Eg: Adultery as a crime was regulated by the society as it harmed an
institution and not a person per se, a very remote harm (Decriminalized in
Joseph Shine)
- Devlin tries to protect an idea of social or positive morality, different from
critical morality – moral principles that are considered universal truths and do
not change even if humans refuse to recognise/follow them – Social morality is
what the society chooses to adopt as its own. – Devlin never specified which
morality he was talking about
- No need to go to social morality, as in a positivist approach, law arises from
social convention. Devlin only says that the law can act in accordance with
social convention.
- Hart thinks this is unacceptable because it leaves no scope for liberty – the law
should have restrictions in the private space, coming from utilitarian thought
and harm principle – Devlin also says that the law should allow for liberty to
exist, but the same cannot be a conceptual limitation on the law’s existence
and form.
- One may prescribe to the harm principle as a matter of policy, but at what point
can it become a conceptual limitation to the actual existence of law? Can social
conventions be enforced using the strength of law, especially criminal law?

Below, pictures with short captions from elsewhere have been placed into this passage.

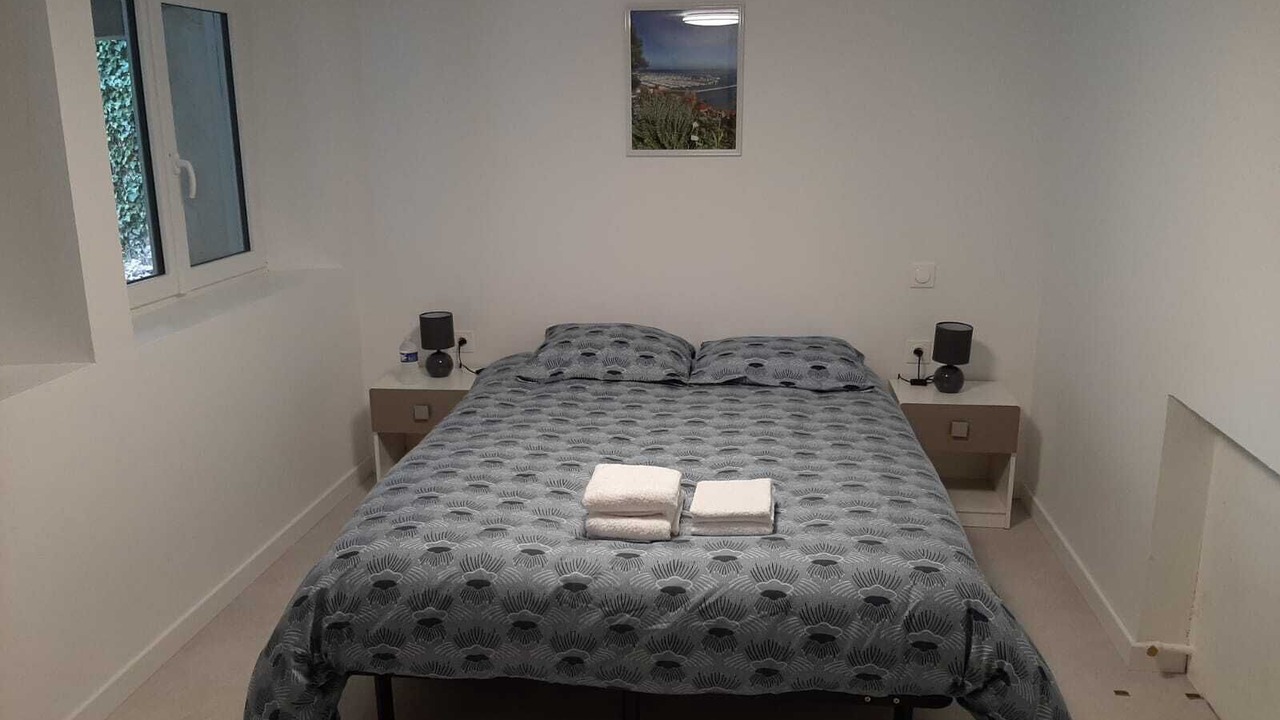 Photo of Bedroom in Saint-Cast-le-Guildo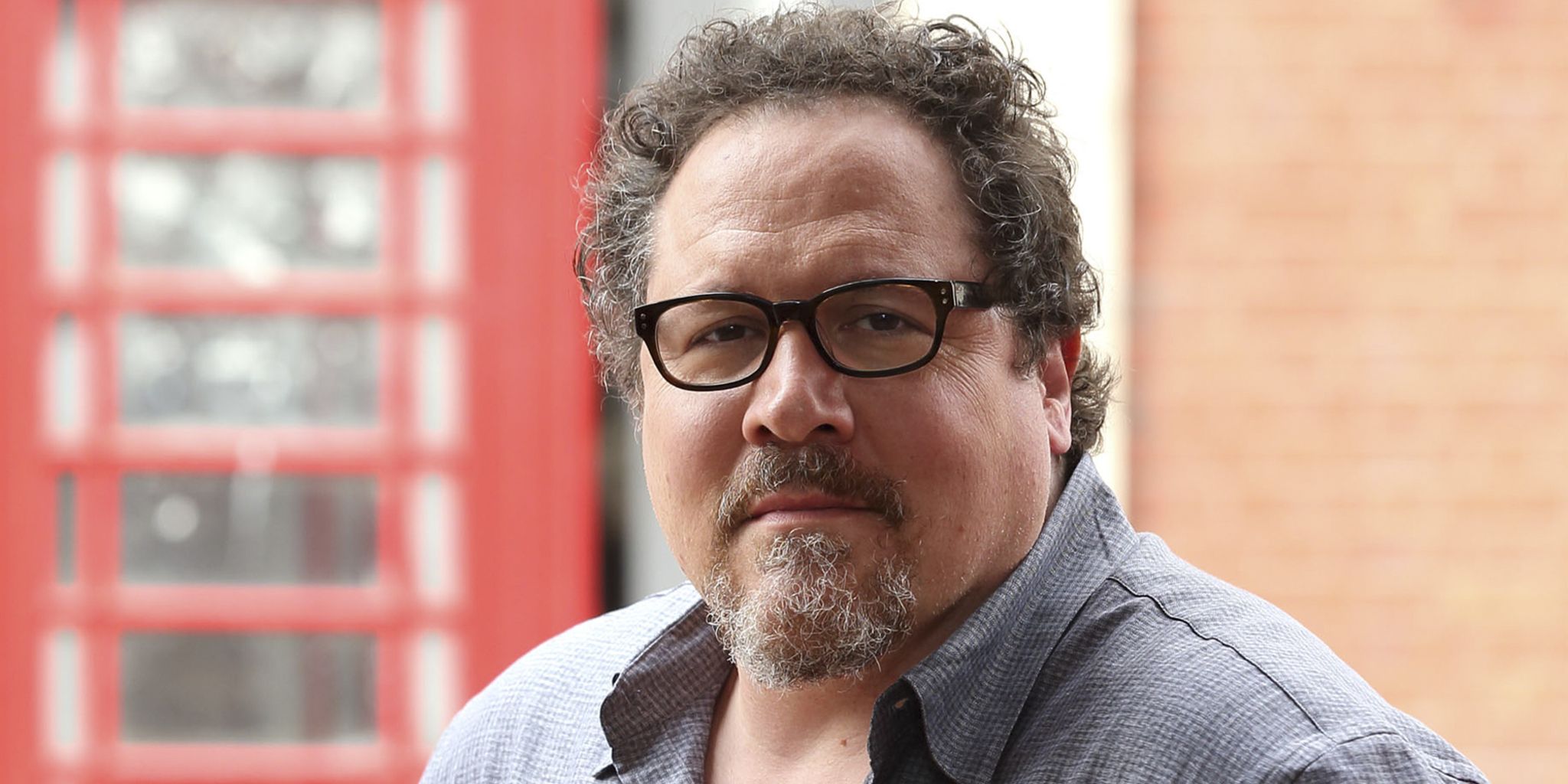 Jon Favreau What Ive Learned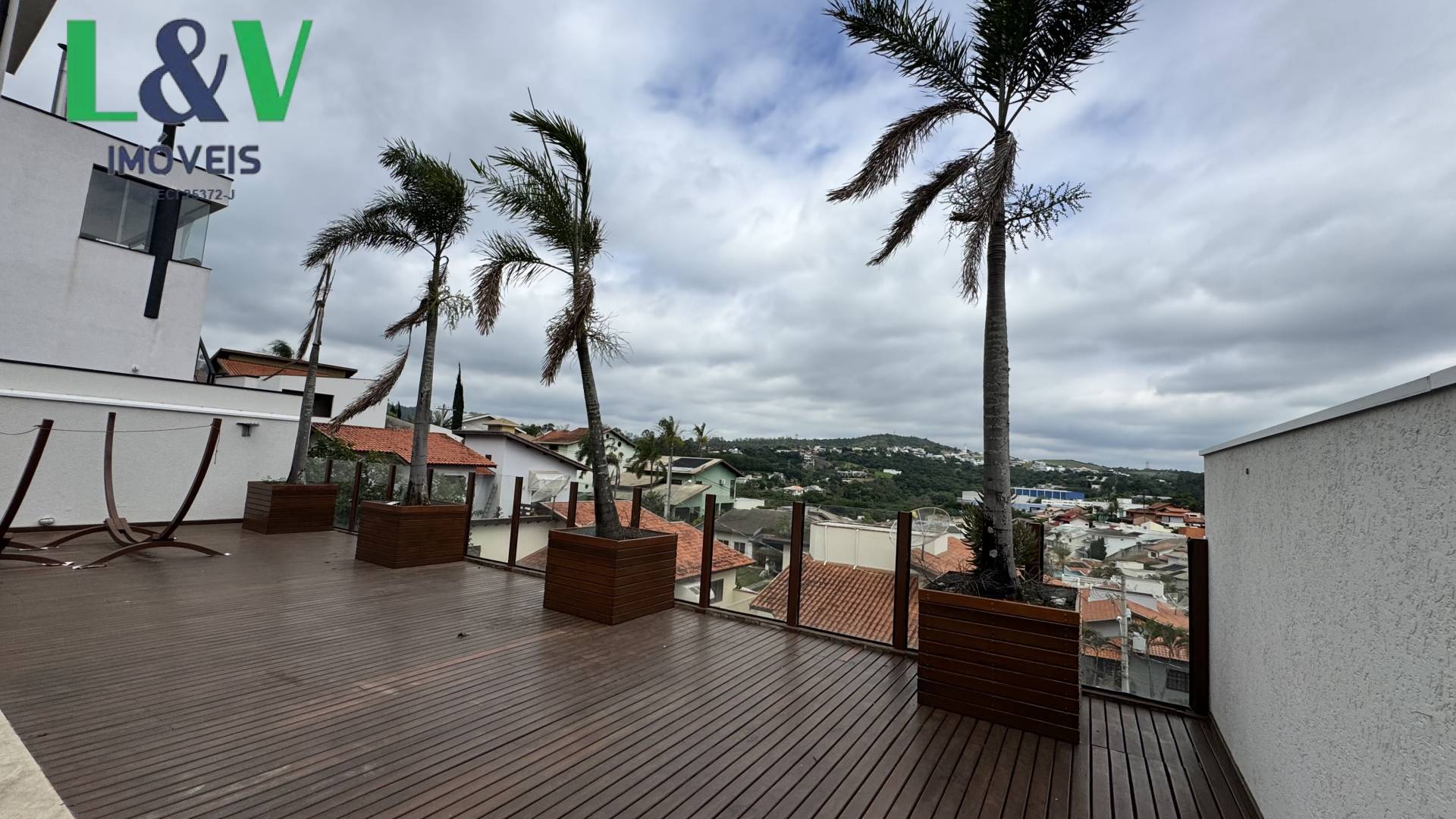 Casa de Condomínio, 4 quartos - Foto 41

- Harm principle is not a complete answer to Devlin’s question – things that are
harmful may not be criminal. Nothing inherent in the law that acts as a
limitation to what the law may or may not be able to do.

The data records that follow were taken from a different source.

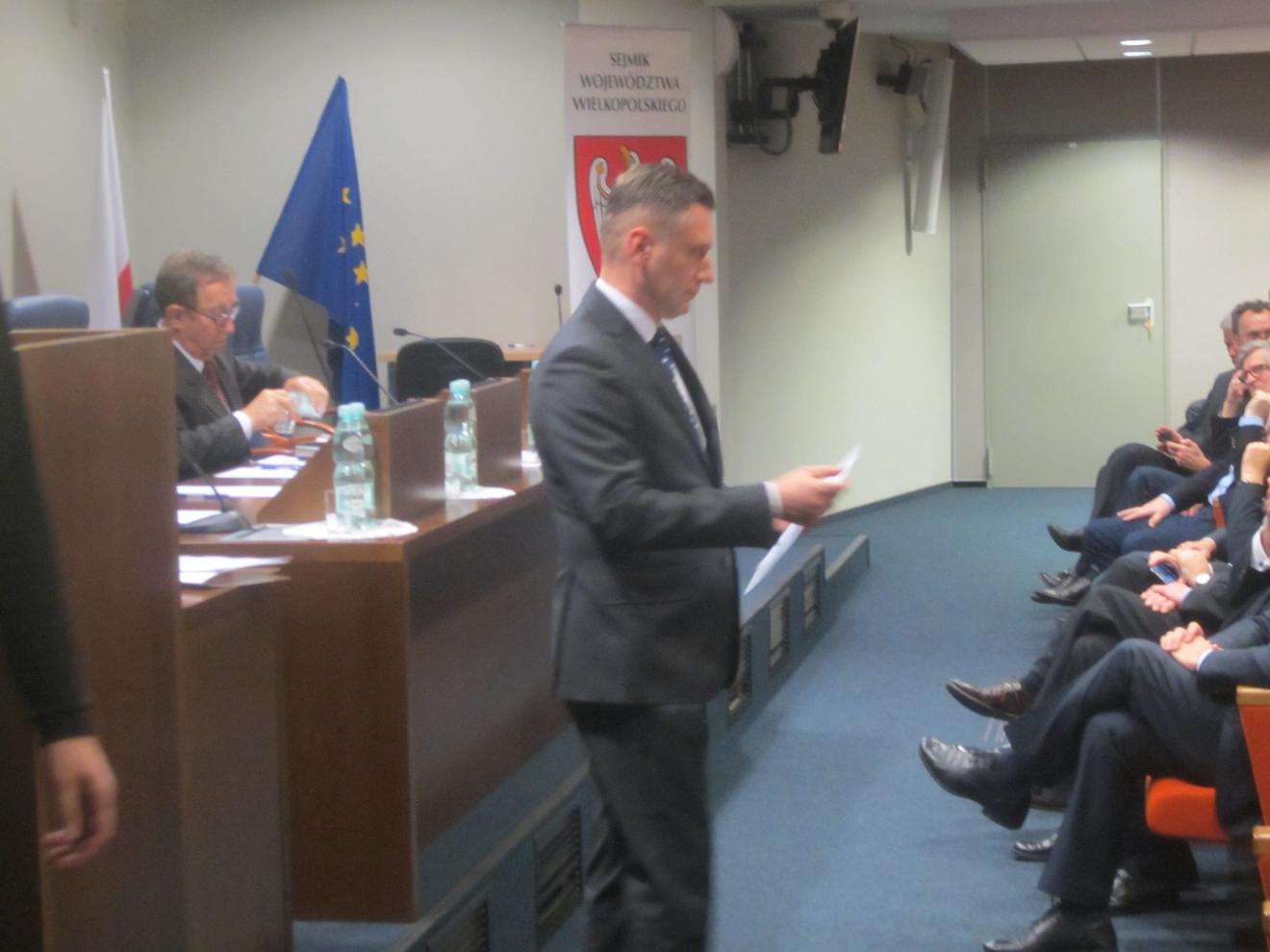 Wojciech Chmielewski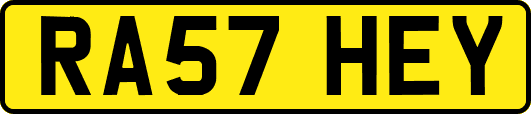 RA57HEY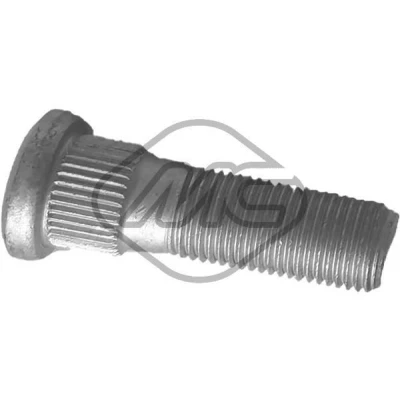 Billede af Hjulbolt Metalcaucho 39354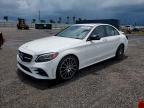 2019 MERCEDES-BENZ C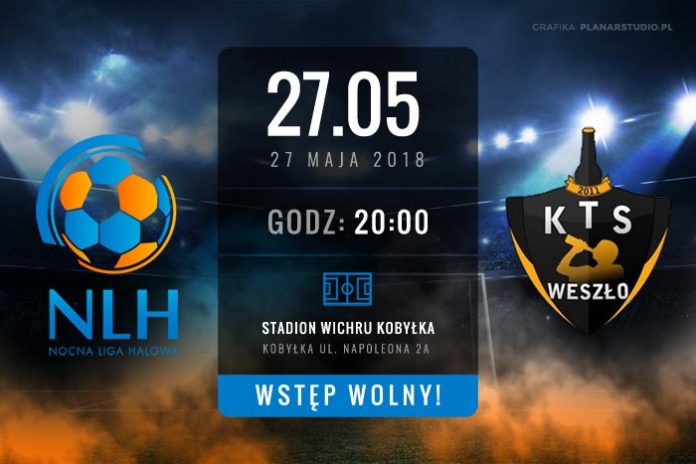 NLH KTS Weszło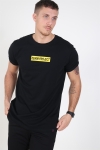 Denim Project Box Logo T-Shirt Black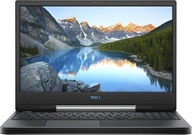 Notebook Dell Inspiron 15 G5 5590 15,6 " Intel Core i7 16 GB / 256 GB čierny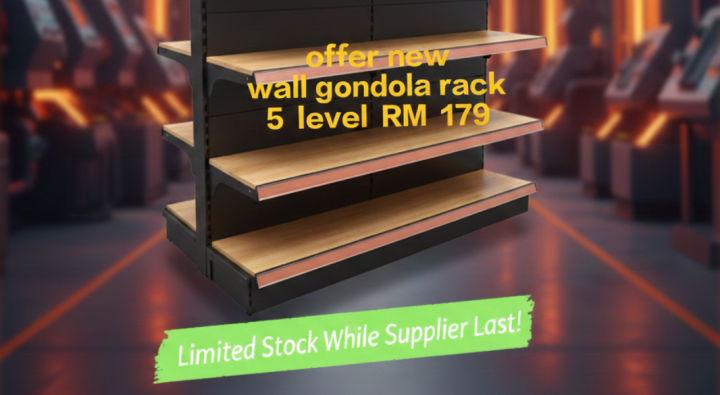 Chiller Freezer Penang Perak Kedah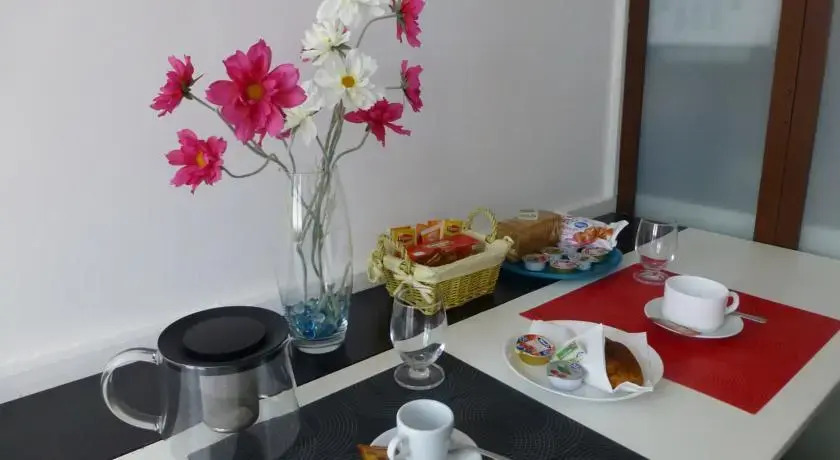 B&B Pitti Cottage Roma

- Work of lawyers after this debate shows that the harm principle is an inadequate
understanding of the grounding of criminal law – serves as a guide, but doesn’t
answer the question per se in theory.
- Harms may be structural, and not individualistic – such as caste system and
prostitution – but harm principle doesn’t look at it that way and looks at it from
an individual’s POV. Harm may not manifest immediately, but eventually. Law
routinely locates areas it is supposed to regulate, harm or no harm.
- What is the role of crim law in society? Does it seek to modify or change
society? Why does law criminalize a certain wrong? Eg: Untouchability – when
you locate the function of law in this sense, you need to account for other
aspects – in this way, crim law becomes an instrumentality of empowerment of
a minority to end their age old persecution as a result of the enforcement of
separateness, thereby violating equality.
- When the harm principle expands to include the wrongdoer as well, paternalism
is justified in some senses according to Hart – wearing a helmet. What about
bigamy?
- Social conventions are more often than not, unjust and anti-minority – if
allowed to perpetuate, will always perpetuate – can acquire legitimacy if
embodied by law. Social conventions need to change as well. Would law be
justified in enforcing practices such as sati, which were social conventions?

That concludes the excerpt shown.